The April 4 conduct hearing for a UC Berkeley graduate student was fraught with contention, with the student alleging that the panel chair - who the student sued in November - may possess bias due to the lawsuit and acted outside of his authority when he prohibited the use of Twitter during the hearing.

More than a year and a half after the November 2009 occupation of Wheeler Hall, the hearing for Josh Wolf - a campus student at the UC Berkeley Graduate School of Journalism charged with misconduct for his involvement in filming the demonstration inside the hall - lasted more than six hours with no resolution, according to Wolf.

Wolf is charged with four violations of the campus Code of Student Conduct, including unauthorized entry into or use of any university equipment and resources, conduct that threatens the health and safety of a person, participation in a disturbance of the peace or unlawful assembly and failure to comply with the directions of a university official in the performance of his or her duties on campus.

Though the hearing was closed to the public, The Daily Californian obtained a recording from Wolf.

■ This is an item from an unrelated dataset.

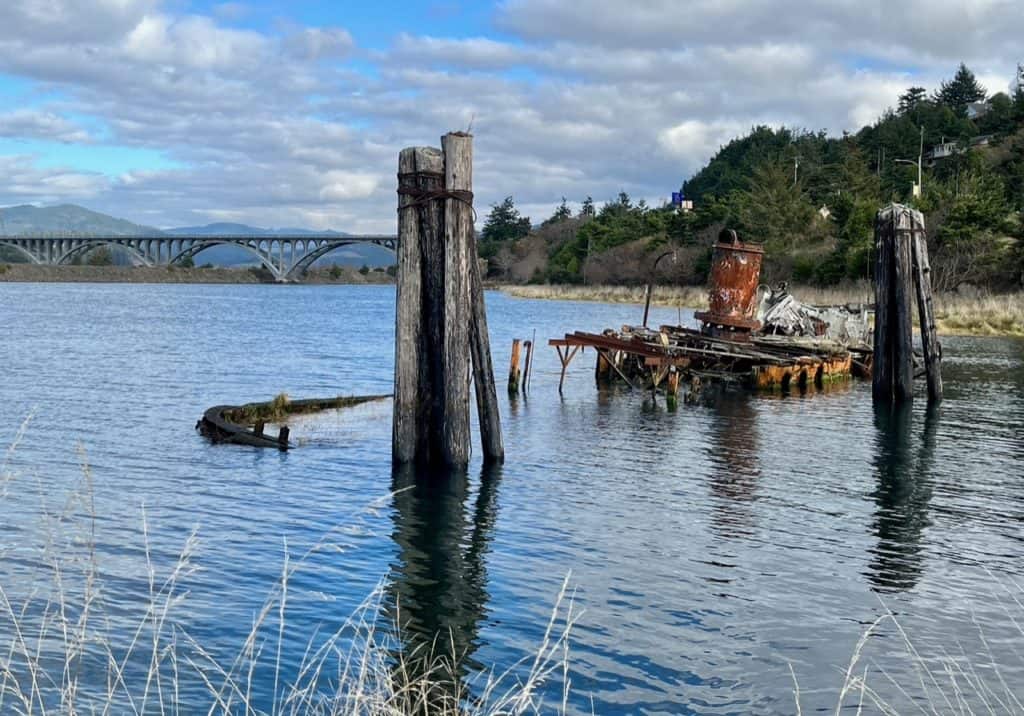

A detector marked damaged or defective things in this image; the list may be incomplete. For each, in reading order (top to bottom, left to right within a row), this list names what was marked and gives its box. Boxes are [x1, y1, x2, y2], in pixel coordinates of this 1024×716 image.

rusted barrel [692, 232, 765, 338]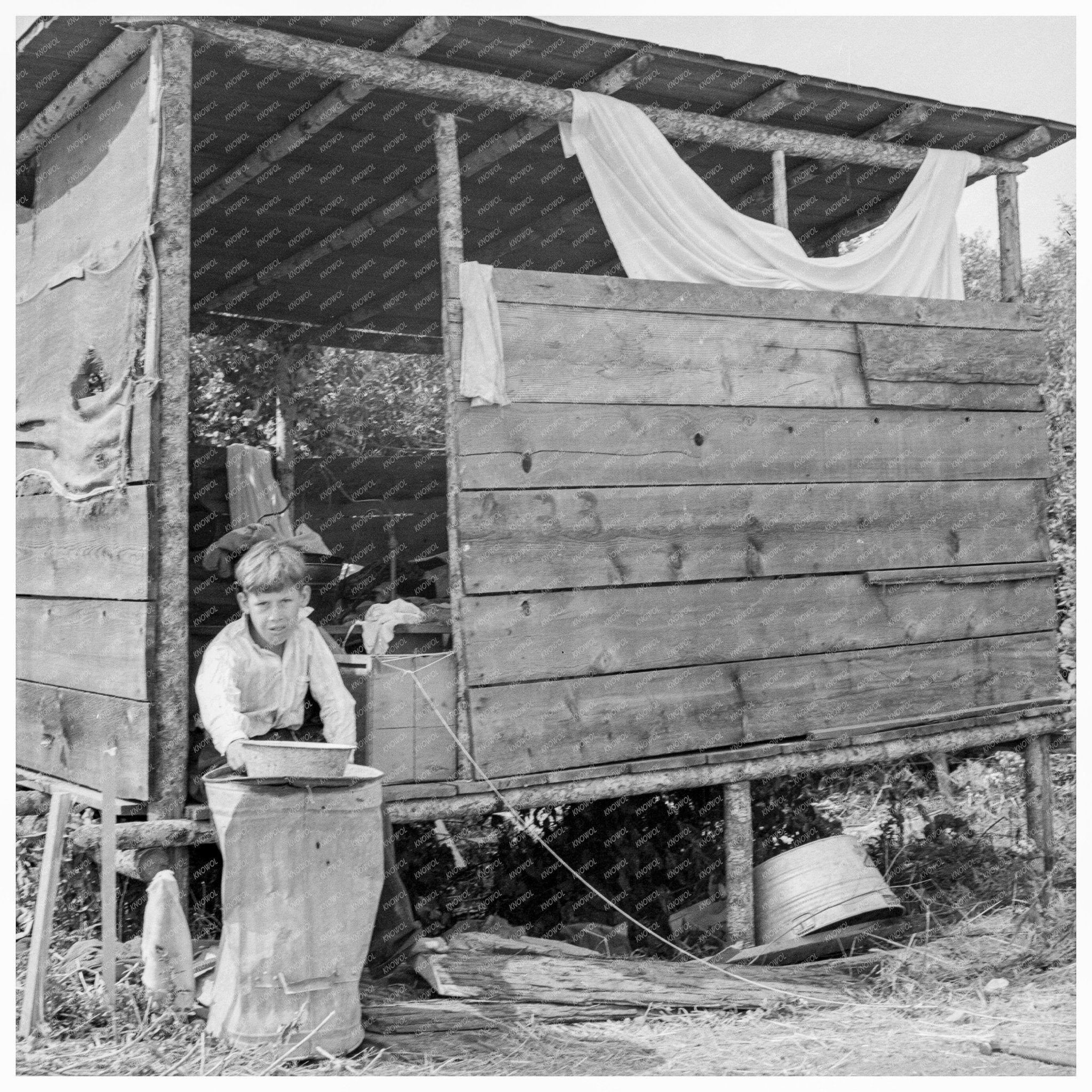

"There were over a hundred classes, 3,800 students not able to attend their courses in Wheeler ... Josh contributed and helped to cause this direct impact to the educational mission of the university," said Jeff Woods, assistant director for the Center for Student Conduct and Community Standards, at the hearing. "It's more likely than not that Josh ... even though he was acting as a journalist, was responsible for violating the policies in question or aiding and abetting others in terms of committing such violations."

At the hearing, the three-member panel addressed procedural issues raised by Wolf, heard opening statements by both Wolf and the Center for Student Conduct and Community Standards and heard testimony from witnesses.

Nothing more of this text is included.